*EXERCISE BRIEF*. Go through the listing that follows and write it out exactly. Drop the pictures.
--- DATA SHOWN Enclosed Below ---
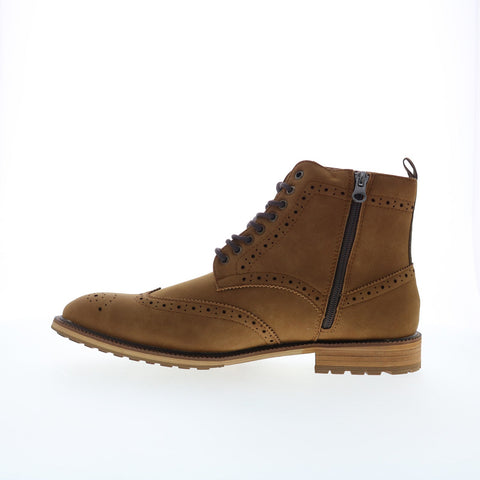 Steve Madden M-Ryland Mens Brown Suede Lace Up Casual Dress Boots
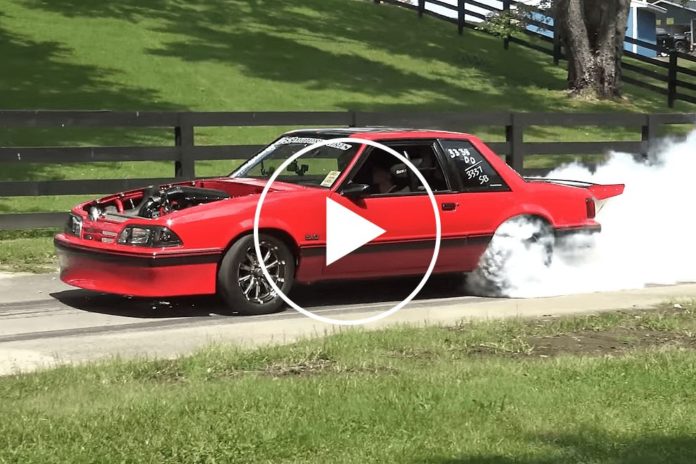 Sacrilegious 1,300-HP Fox Body Mustang Dominating Drag Strips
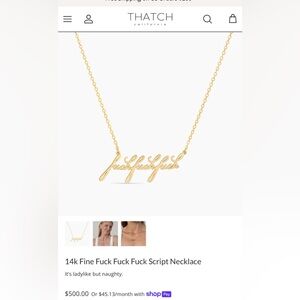 Thatch jewelry 14k fine necklace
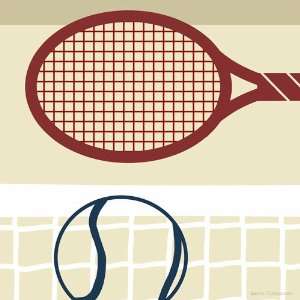  Tennis Athlete Canvas Reproduction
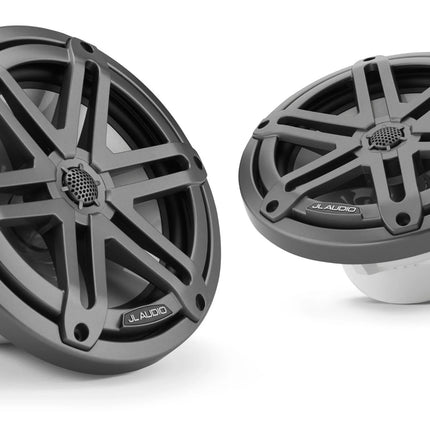 JL Audio M3 7.7in Coaxial Speakers Gray Sport Grille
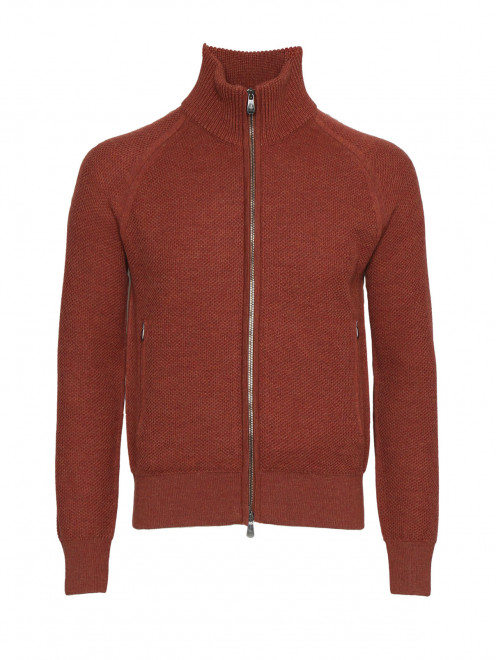 Кардиган из шерсти на молнии Piacenza Cashmere 1733 - Общий вид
--- End of Enclosed DATA SHOWN ---
*SOLUTION TO THIS EXERCISE*.
 Steve Madden M-Ryland Mens Brown Suede Lace Up Casual Dress Boots
 Sacrilegious 1,300-HP Fox Body Mustang Dominating Drag Strips
 Thatch jewelry 14k fine necklace
  Tennis Athlete Canvas Reproduction
 JL Audio M3 7.7in Coaxial Speakers Gray Sport Grille
 Кардиган из шерсти на молнии Piacenza Cashmere 1733 - Общий вид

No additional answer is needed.